ГАЕВСКИЙ: Их судьбы объясняются внехудожественными обстоятельствами. Прежде всего – идеологической установкой на традиционализм и разгромом всех экспериментальных начинаний в советском искусстве.
ГЕРШЕНЗОН: Тогда задам вопрос по-другому: небрежение к форме, отточенному художественному жесту ради театральной идеи «представления» – не есть ли это онтологическая черта русской пластической культуры? Все принесено в жертву декоративному фасаду. «Потемкинские деревни» – один из важнейших архетипов русской культуры. Плоский фасад, за которым хаос.

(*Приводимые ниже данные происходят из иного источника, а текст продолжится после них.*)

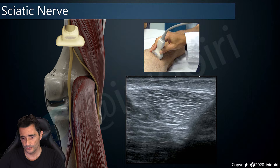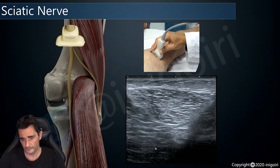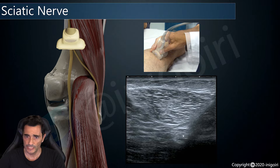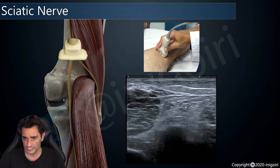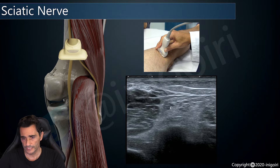We will find the sciatic nerve as a unique nerve located just underneath the long head of the biceps. This is the short head of the biceps, and at this level, just underneath this muscle, we will find the sciatic nerve. As we continue distally, we notice how the sciatic nerve becomes superficial and divides into its branches: the tibial nerve, bigger and medial, and the common peroneal nerve, smaller and lateral.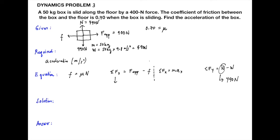The force applied has x and y components. The y-component pushes downward, so F_upY equals sine of 50 degrees multiplied by 300 Newton, which equals 229.813 Newton downward. The x-component F_upX equals cosine of 50 degrees multiplied by 300 Newton, which equals 192.836 Newton in the horizontal direction.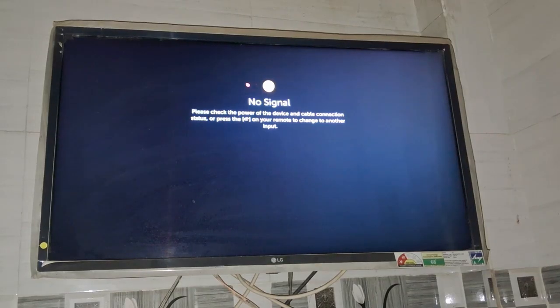Step number two is to check your internet connection and restart your router. You can also unplug and plug in your router once again.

Такова практически вся архитектура (за редкими исключениями, вроде палладианской виллы в Павловске, которая русской может считаться с большой натяжкой). Даже революционный архитектурный авангард был в большой степени декоративен: Ивана Леонидова и Константина Мельникова в проектах здания Наркомтяжпрома символика формы интересовала в большей степени, чем функциональная адекватность. Архитектура понимается у нас архитектором и воспринимается потребителем как искусство фасада (ирония судьбы в том, что никто из нынешних архитекторов не в состоянии внятно разработать фасадную плоскость, написать внятный «фасадный» текст). Таково и специфически русское представление о так называемом хайтеке: нигде в мире вы не найдете банальную штукатурную стену с оконными проемами, перед которой на расстоянии полуметра закреплена гигантская стеклянная плоскость, бессмысленная конструктивно и функционально, но обусловленная эстетически: единственное ее предназначение – изображать этот самый хайтек – не быть им. Такова и манера одеваться. В Европе она сводится к процессу жесткого типологического отбора, что и вызывает ощущение, что везде (приватно и публично) и всегда (утром и вечером) люди одеты правильно. В России люди не одеваются – они «наряжаются» – рядятся во что-то, рассматривают собственное тело как поверхность афишной тумбы, на которой вне соблюдения каких-либо правил небрежно наклеены крикливые манифестации чего угодно: своего ущербного вкуса, внезапно увеличившихся доходов, принадлежности к какой-то эксклюзивной группе людей[2]. Мы никогда не поймем Юбера Живанши, говорившего: «Если я не помню, как вчера была одета женщина, значит, она была одета безупречно». Но и «правда» хайтека, и «незаметность» безупречной манеры одеваться – это и есть отточенный пластический жест. Наш общий знакомый искусствовед Аркадий Ипполитов как-то проронил (сейчас это повторяют все кому не лень), что пластика – маргинальное явление в русской художественной жизни, что русская пластика – недоразвитая пластика.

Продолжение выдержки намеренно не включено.